Let’s say a well-known company announces an
opening. Okay, the employer probably has dozens of openings. Depending upon its
reputation and locations, résumés pour in—sometimes several hundred in a day.
Most
jobseekers assume their résumé will be read: In reality, that’s not the case. Only
a handful gets that far. The others are glanced at. The résumés that arrive
after the selection process starts often get discarded.
The résumé
ads receiving attention are the ones that satisfied five overriding conditions.
The process takes 7 to 11 seconds per résumé. The conditions most often
considered are:
1. Location: Where is the applicant from?
If you are more than a 45-minute commute, and
the position is non-management, chances run high the screener stops there. If
the opening involves a management position, this carries less weight, but can
be important, as a cost-to-interview decision needs to be made. Even at the
executive level, where one lives carries consideration. (This portion takes between 1 and 2 seconds.)
2. Appearance: The instant the reviewer determines
a résumé is going to be tedious or difficult to read, those get passed over.

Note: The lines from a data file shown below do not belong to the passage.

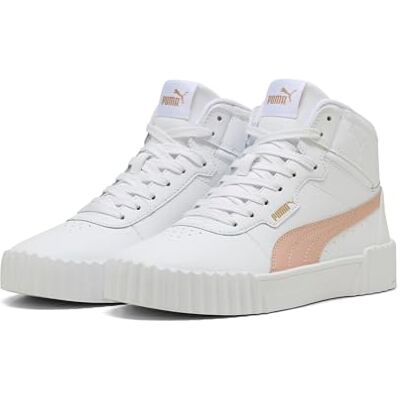 PUMA dam Carina 3.0 MID sneakers, Vit-Rose Quartz guld, 6.5 UK, vit ros kvarts guld, 40 EU PUMA dam Carina 3.0 MID sneakers, Vit-Rose Quartz guld, 6.5 UK, vit ros kvarts guld, 40 EU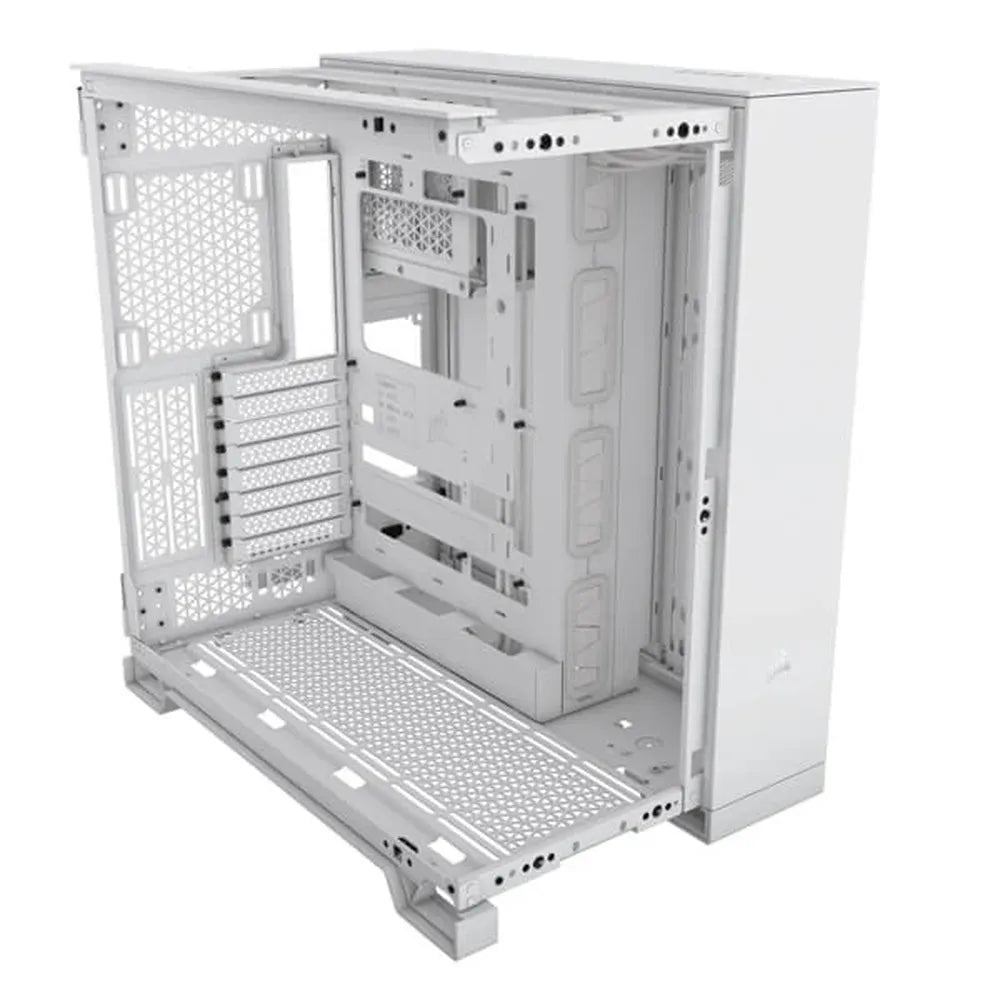CORSAIR 6500D Airflow EATX Mid Tower Dual Chamber Cabinet (White) - 4
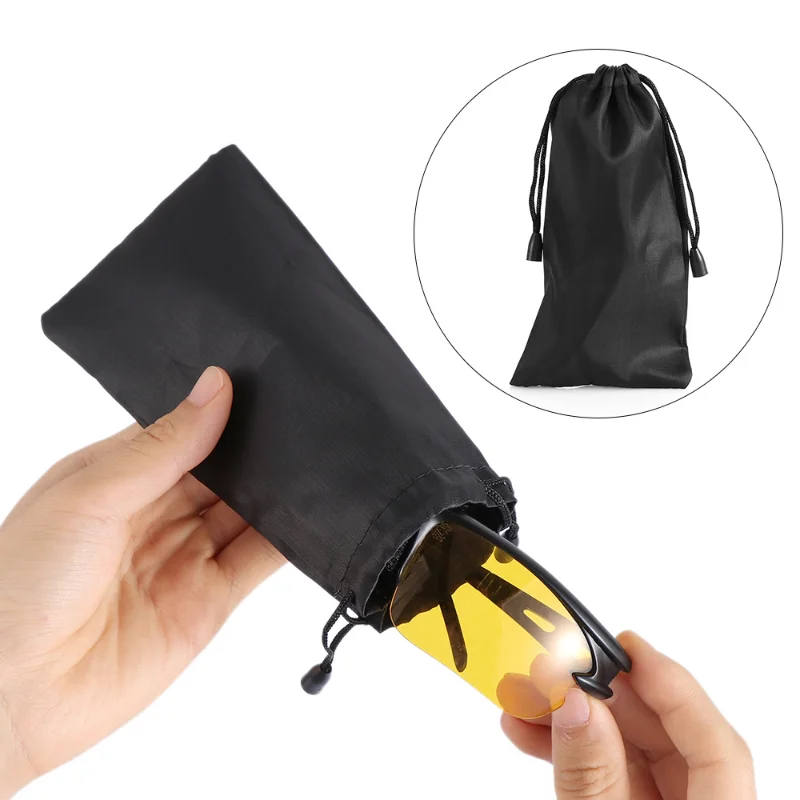 Borsa per occhiali da sole impermeabile in tessuto da 10 pezzi Custodia per polvere in microfibra Borsa per il trasporto di occhiali Contenitore per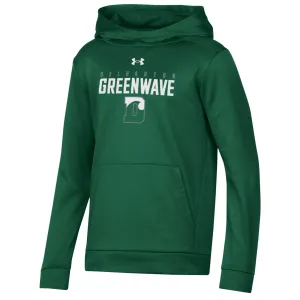 UA YOUTH Armour Fleece Hoodie - Forest Green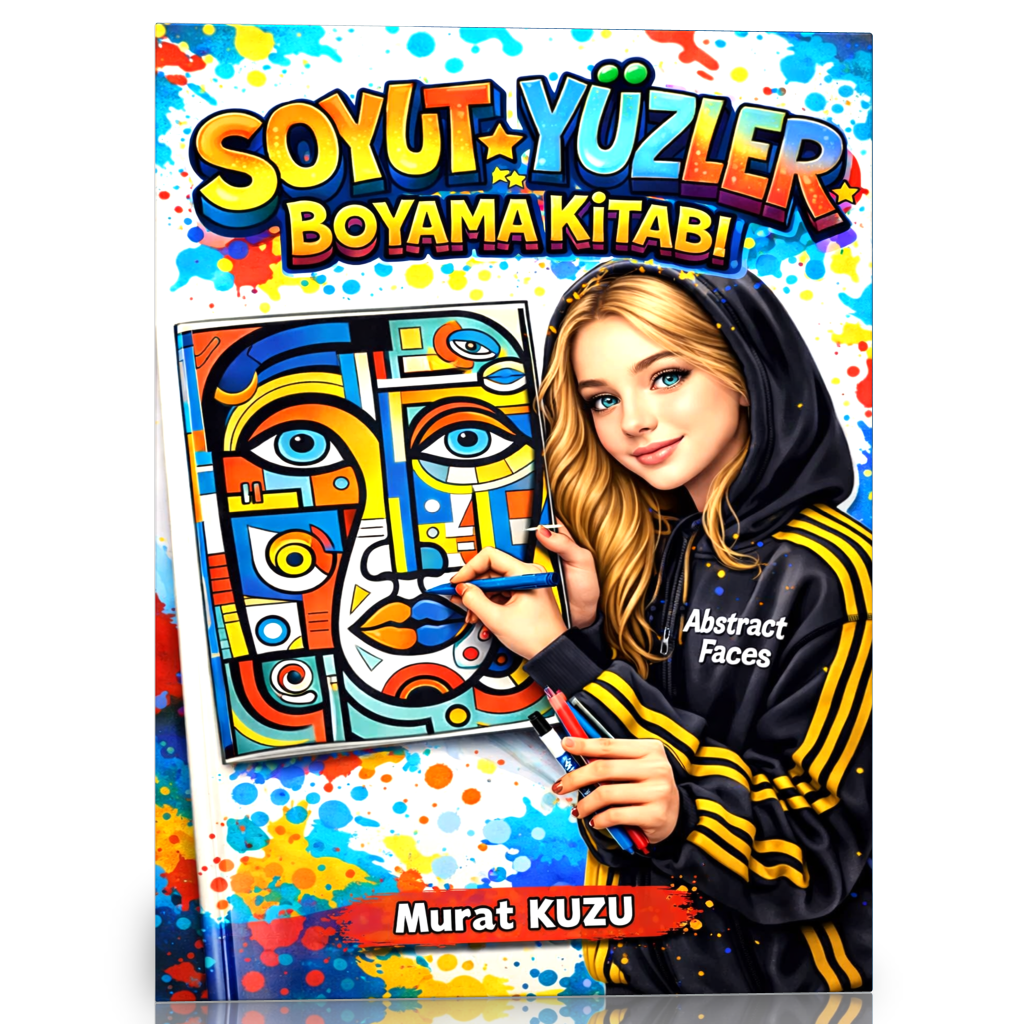 Soyut Yüzler Boyama Kitabı – Abstract Faces (50 Özgün Boyama)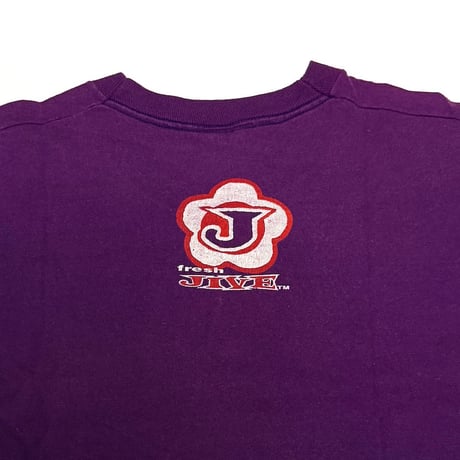 【USED】90's FRESHJIVE “BIG JIVE” Graphic T-shirt Purple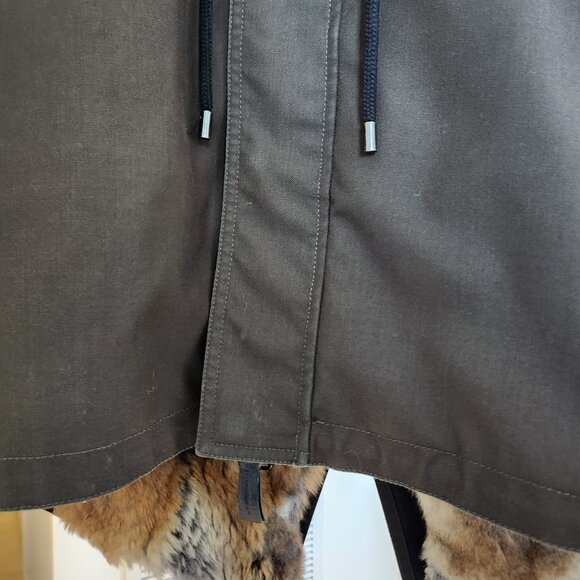 Mackage Men's MORITZ rabbit fur-lined twill parka with removable silver fox fur - Picture 7 of 12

This is especially the case whenever the reviewer has identified four or five
decent candidates already. (This process occurs
in 2 to 3 seconds.)
3. Experience: Do the companies and
positions held by applicant appear relevant? Too many employers and/or short
periods of employment also constitute red flags. Also, there is no point in
reading a programmer’s résumé when you are looking for an IT manager? The
screener need scan no further. (This
process takes between 3 and 4 seconds.)
4. Education: Once the reader gets past
the first three items, this is where most screeners stop cold. If the position
requires specific educational level, or collegiate pedigrees and the résumé
fails to contain that information, the process ends. (This takes 1 or 2 seconds.) Add up the seconds and you have the
average 7-to-11 scan rate.
5. Gut reaction: Candidates who receive
acceptable nods on the first four conditions, still encounter gut instinct. The screener has not
actually read the details, but rather glanced at it in 7-to-11 seconds. If the
reviewer’s gut says the candidate appears qualified, the résumé gets placed in
the small, to-be-read or reviewed pile.
Many large
employers use automated AI screening software. It can be programmed to perform
the same operations in steps one-through-four. While this speeds up the
screening process, it leaves much to be desired. Software glitches abound, and
are void of human instinct.
Trust
me on this: Most résumés do not get read. In half the cases, the reading
portion does not occur until the day of the interview. If you are receiving
invitations to interview, invest your time honing your interviewing skills. You
may assume your résumé ad is working.